Agape Animal Rescue microchips all of our rescue dogs thanks to a grant from the Barbara J. Mapp Foundation. Microchipping saves lives by helping reunite dogs with their pet parents if the need ever arises. We believe microchips are an important part of our overall mission to ensure the lifelong health and safety of our rescue animals.

Why is microchipping important?

According to the American Humane Society, more than 10 million dogs and cats are lost or stolen every year in the United States. Of those dogs, the ones that are microchipped have a more than 52 percent chance of being returned to their families. This is a 238 percent increase over dogs without a microchip.

How large is a microchip?

The microchip is very small – about the size of a grain of rice. Its components are encapsulated in a material known as bioglass, which is regularly used in implants in both humans and in animals. It causes no harm to your pet and is invisible from the outside.
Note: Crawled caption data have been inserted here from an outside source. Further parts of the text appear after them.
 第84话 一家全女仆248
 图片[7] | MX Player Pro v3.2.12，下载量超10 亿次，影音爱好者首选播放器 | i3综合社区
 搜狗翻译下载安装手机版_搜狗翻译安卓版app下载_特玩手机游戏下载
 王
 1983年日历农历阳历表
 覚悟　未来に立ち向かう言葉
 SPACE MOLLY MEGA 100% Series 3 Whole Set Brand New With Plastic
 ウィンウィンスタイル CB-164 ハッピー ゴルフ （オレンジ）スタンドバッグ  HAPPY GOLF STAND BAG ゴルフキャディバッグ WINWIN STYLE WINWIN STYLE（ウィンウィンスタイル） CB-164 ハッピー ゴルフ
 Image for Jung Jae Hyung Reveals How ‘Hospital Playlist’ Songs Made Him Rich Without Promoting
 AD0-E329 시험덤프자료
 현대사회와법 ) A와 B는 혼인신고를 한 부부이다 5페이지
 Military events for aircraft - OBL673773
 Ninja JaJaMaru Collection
How do you implant the microchip? Is it painful for the dog?

Microchip implants are virtually painless and stress-free, and no anesthesia is required. The small capsules are implanted through a quick injection between their shoulder blades, just like a regular vaccination. Within 24 hours the chip bonds to your dog’s skin so that it remains in place.

How does a microchip work?

Microchips store a unique ID number that is transmitted by radio frequencies. When a microchip scanner is passed over the pet’s skin, their unique ID number displays on the scanner. This number is used to retrieve information about the pet’s owner and help reunite the dog with his family. Most clinics and shelters have global scanners that can read any brand of microchip.

How do I register my pet after adoption?

We register all of our dogs to Agape Animal Rescue. We include instructions for transferring ownership of the microchip in the adoption packet as part of the adoption process.